The Mafia is a pinball machine that cuts to the chase, with no ramps and a simple playfield, but rather elaborate artwork if you like the cartoonish side.
Don’t think the trio have stopped there: in 2021, they’re back designing the Rudy’s Nightmare kit. This is a sort of extension and modernization of the legendary FunHouse pinball machine, designed by Pat Lawlor. The kit is manufactured by Pedretti Pinball, an Italian company that holds the rights to spare parts and mods for Bally/Williams games.
Kit FunHouse 2.0 – Team Pinball
In an interview with Pinball News, the 3 partners Janos Kiss, Otilia Pasareti and Romain Fontaine point out that they have learned from Heighwey Pinball’s mistakes: they all have complementary jobs on the side, which allow them to take their time and succeed.Finally, Team Pinball has designed two pinball machines for Canadian manufacturer Pinball Adventures: Punny Factory and The Elements, due for release in 2023.
The Hexa Pinball team, which as its name suggests is French, is based in Bordeaux.
It released its first pinball machine in June 2023: Space Hunt. The aim is clear: to do things well, even if it means doing them simply. The playfield is sober overall, but tries to innovate on gameplay aspects.This first model is based on the homebrew of the same name, on which Luis Dos Santos, one of the team members, had been working for years. Romain Fontaine, already mentioned above at Team Pinball, is also part of the adventure.
Olympic Goblin, finally renamed Goblin Contest when it went on sale in 2018 for legal reasons regarding the term “Olympic”, is Phénix Pinball’s first pinball machine. While founders Christian Petit and Julien Larose had lofty ambitions at the outset, it’s difficult to know the status of the project today. It seems that the duo make ends meet with restoration work.
Goblin Contest is a pinball machine that aims to be simple in its design and game mechanics.
Do European manufacturers have a future?
Problems of supply, distribution, compatibility with American standards… One might think that European manufacturers don’t have all the odds on their side. But there’s another way of looking at the situation.
Gary Stern told us in an interview that exports accounted for 35% to 40% of the market leader’s pinball sales, with Western Europe accounting for a major part of this percentage. The euro zone therefore represents a significant pool of potential buyers.

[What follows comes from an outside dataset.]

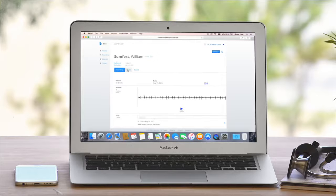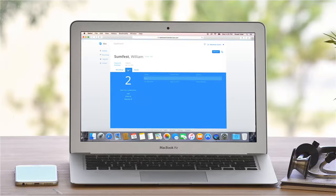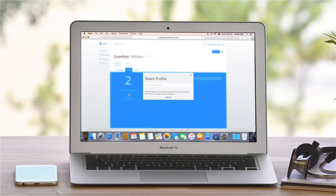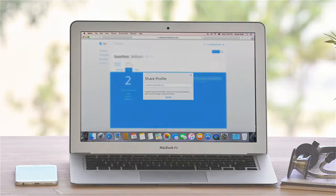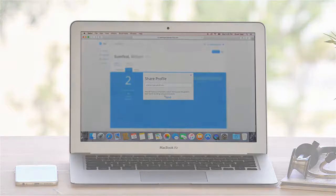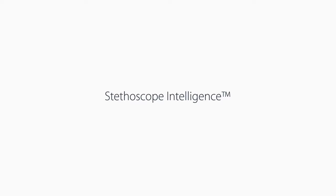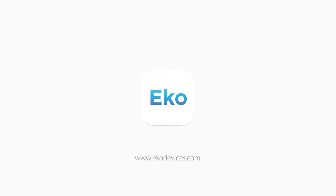Navigate to the share button to secure a second opinion or collaborate with additional clinicians. Thanks for watching this demonstration.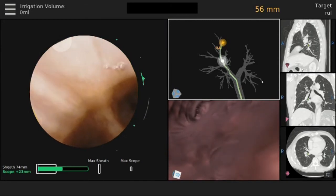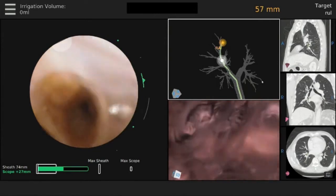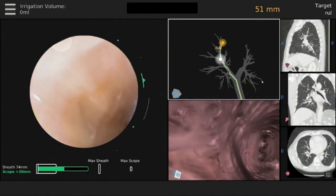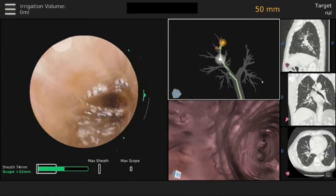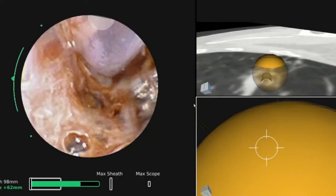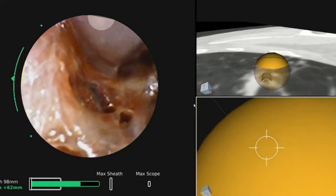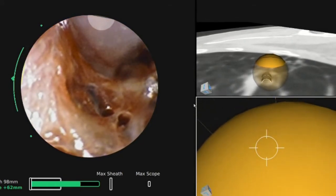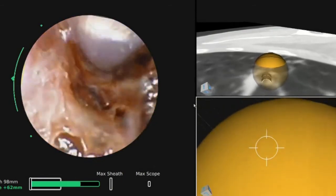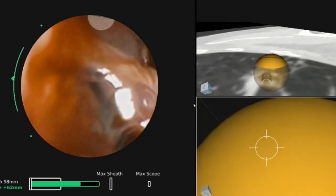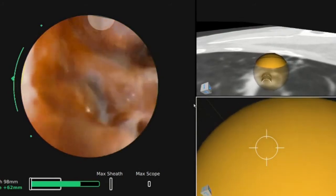There is the ability to provide suction as well as irrigation through the bronchoscope during the procedure. Distance measurements are provided as the bronchoscope is advanced towards the target lesion. The video shows the bronchoscope at the target lesion in the periphery of the lung, with virtual images providing confirmation of accessing the target lesion.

Within the European Union, the euro/dollar exchange rate and customs duties are a thing of the past. Without cutting into their margins, our manufacturers are mechanically competitive on the price side. Or they can generate more margin for an equivalent price. All they have to do (easy for us to say!) is increase their production rate and secure the quality of their machines, in terms of both design and reliability. Customers will follow, no doubt about it.